Im Forum kommentieren

Felix H

2017-11-01 14:16:59- Newsbeitrag

dead celebrity

2017-09-18 13:55:05

Für mich sind das alles 8/10 , dazu nur : 10/10 vergebe ich eigentlich nie , nur ein paar Lieblings Alben kriegen die höchste wertung.

Favorit wäre bei mir PLMS, aber die FV nur knapp dahinter, wie die neue dazu steht , da müssen ein paar Wochen ins Land gehen

ein Nichts ein Niemand

2017-09-18 10:45:02

Mich würde interessieren, wie ihr die 3 bisherigen Solo-Alben im Vergleich seht (gerne auch nur kurz mit Wertungen)

UndercoverBrother

2017-09-18 10:04:02

@humbert humbert

bin bei meinen musik affinen freunden auch immer wieder überrascht wie wenig leute die kennen, aber insgesamt ist die publicity für sie schon relativ groß, in den meisten großen magazinen/ online seiten bekam ihr album reviews und eigentlcih auch nur gute.

hab die platte endlich auf einer längeren autofahrt endlich durchhören können und bin auch mal wieder mitgerissen, kein schwacher track dabei.

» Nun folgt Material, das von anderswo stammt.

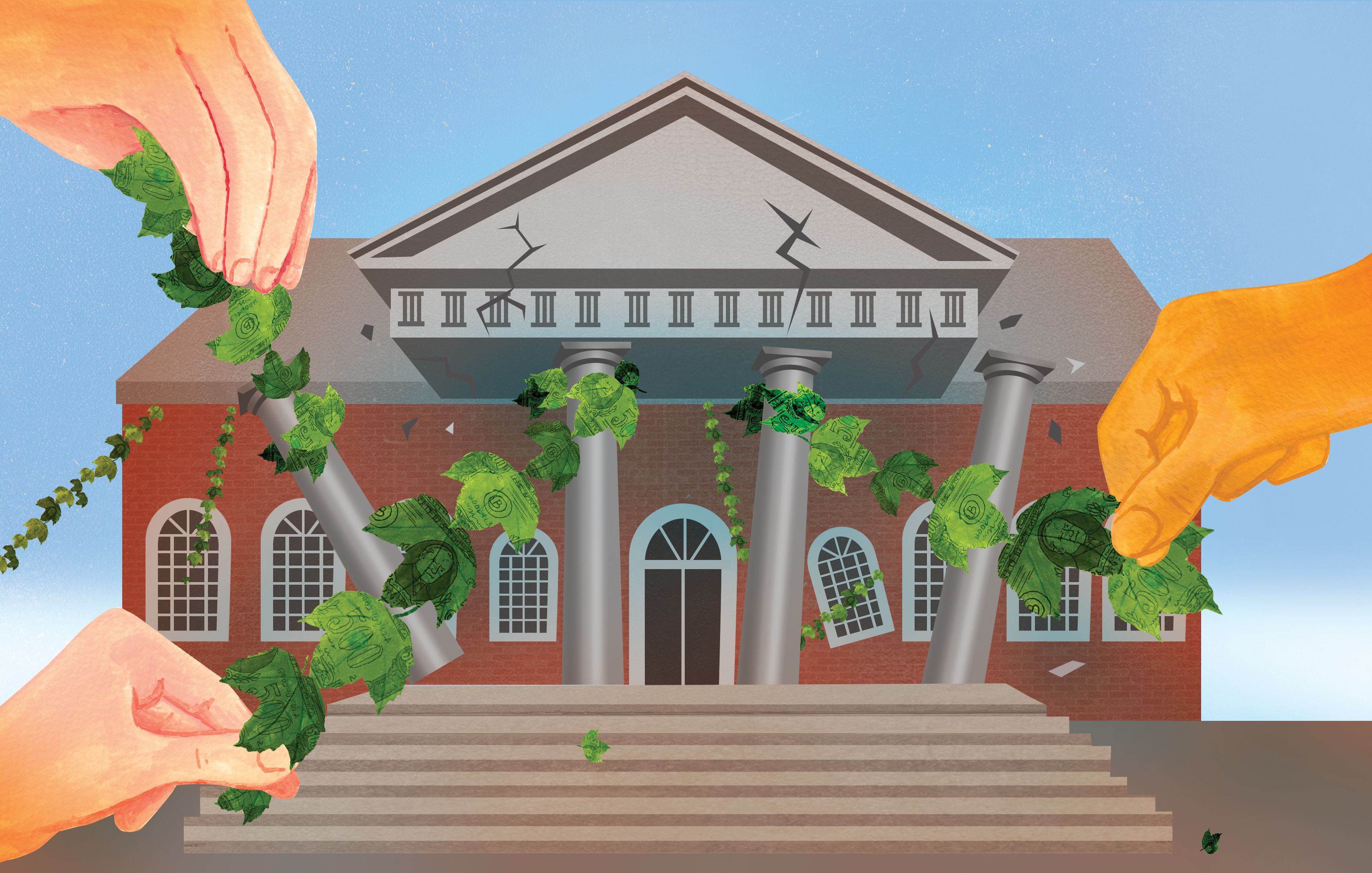 Illustration showing hands pulling money-covered Ivy off of a university building, causing it to collapse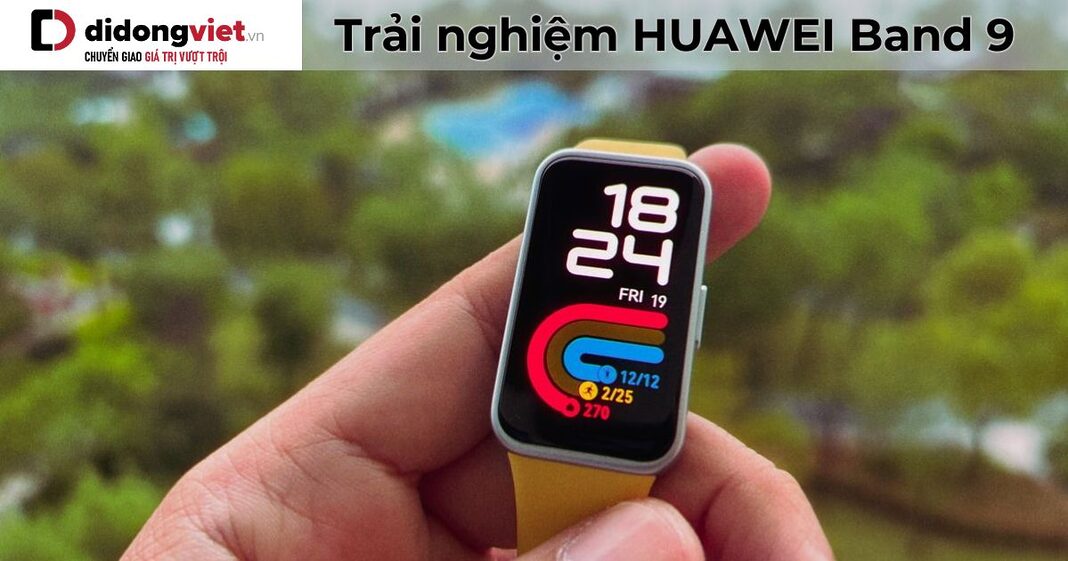 Trải nghiệm HUAWEI Band 9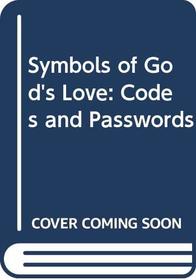 Symbols of God's Love: Codes and Passwords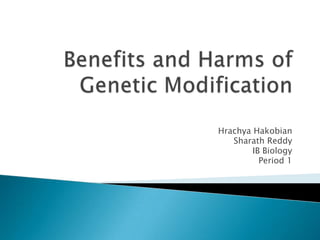 Benefits and Harms of Genetic Modification HrachyaHakobian Sharath Reddy IB Biology Period 1 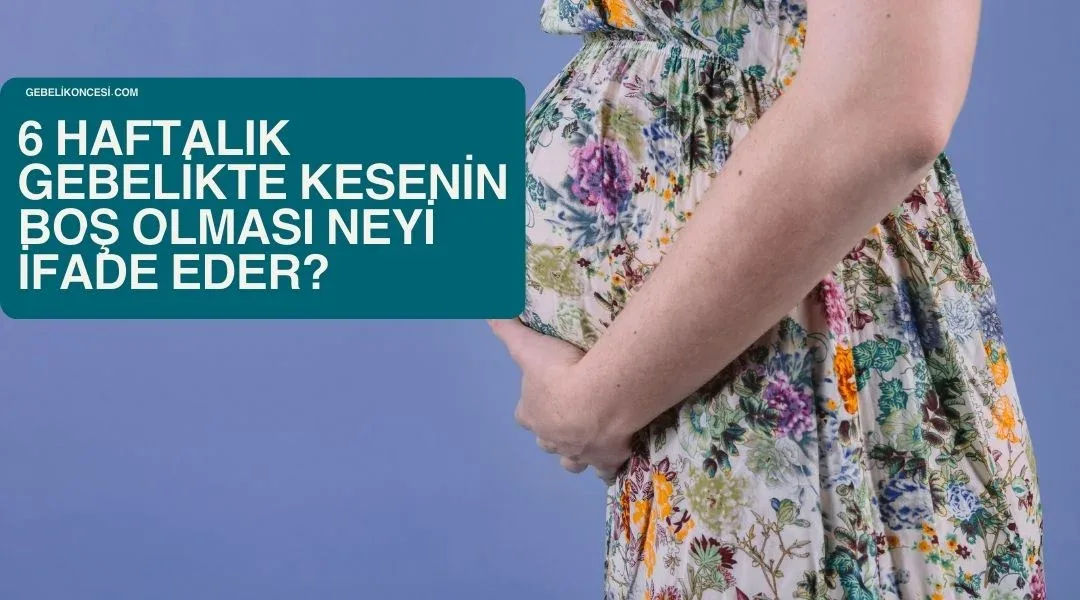6 haftalık gebelikte kesenin boş olması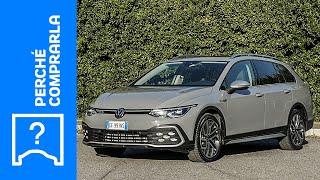 Volkswagen Golf Variant Alltrack 2022  Perché Comprarla... e perché no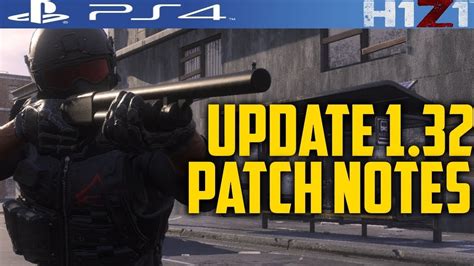 H1z1 Ps4 Full Release First Update Patch Notes Ps4 H1z1 New Update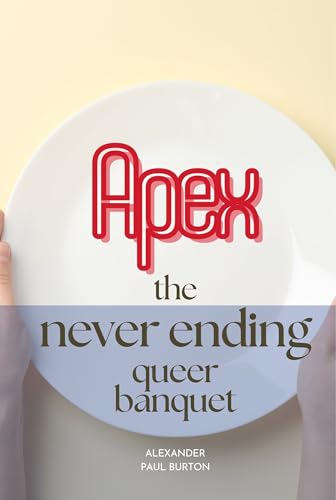 Apex: The Never Ending Queer Banquet (Quantum Ethics Short Stories Series Book 4)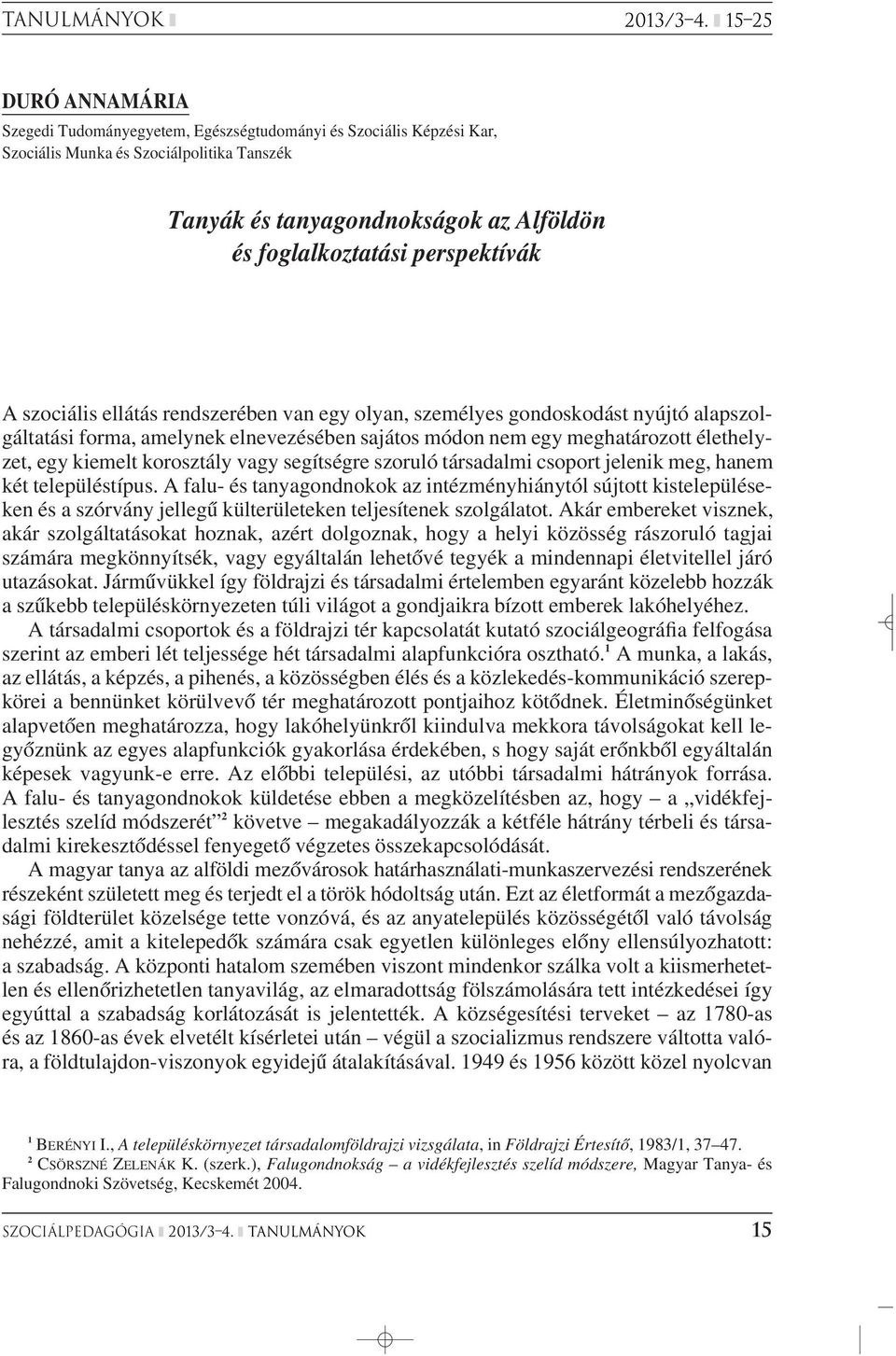 perspektívák A szociális ellátás rendszerében van egy olyan, személyes gondoskodást nyújtó alapszolgáltatási forma, amelynek elnevezésében sajátos módon nem egy meghatározott élethelyzet, egy kiemelt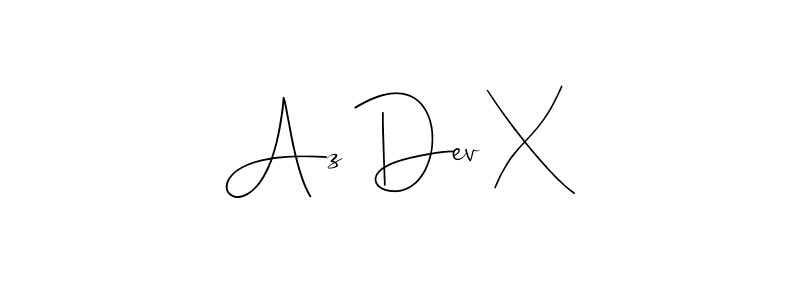 Make a short Az Dev X signature style. Manage your documents anywhere anytime using Andilay-7BmLP. Create and add eSignatures, submit forms, share and send files easily. Az Dev X signature style 4 images and pictures png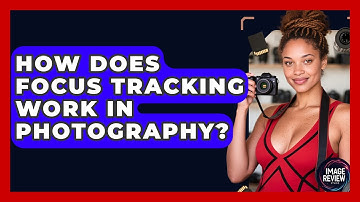 How Does Focus Tracking Work In Photography? - Image Review Studio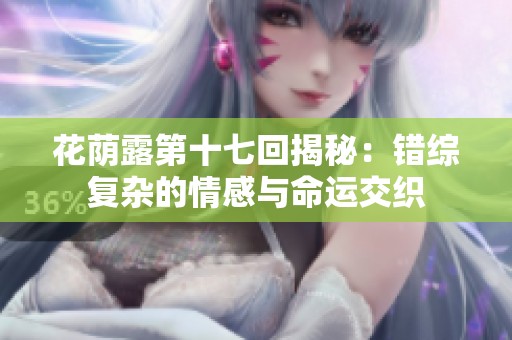 花荫露第十七回揭秘：错综复杂的情感与命运交织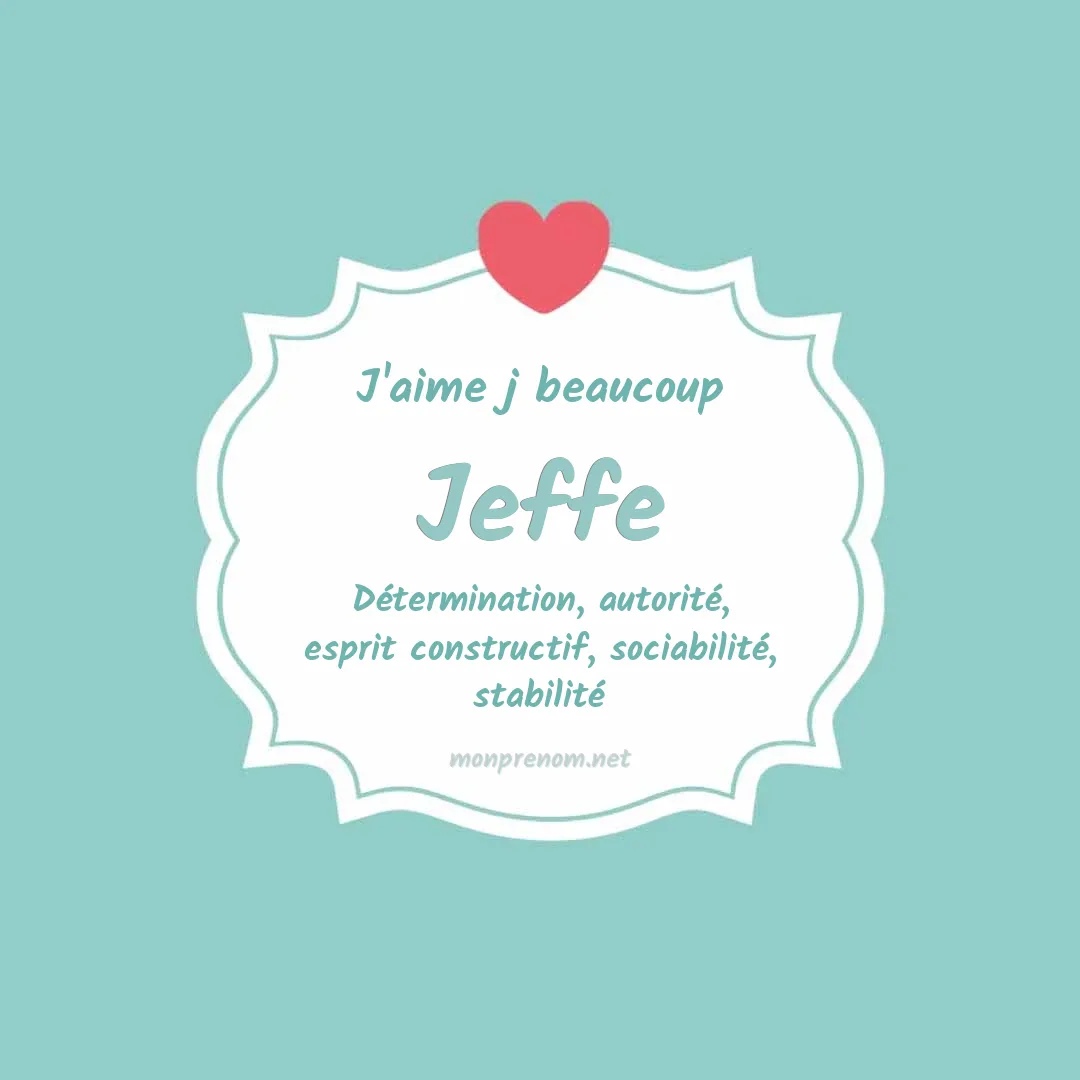 j'aime beaucoup Jeffe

muss mir die unbedingt noch mal live geben, hab sie vor 2 jahren in berlin verpasst, weil ich alleine nicht zum konzert wollte, tickets waren nur 14 euro. super dämlich von mir, nächstes mal geh ich lieber allein.

humbert humbert

2017-09-17 19:35:19

Für mich einer der besten Scheiben von diesem Jahr. Findet ja jetzt hier nicht so viel Anklang.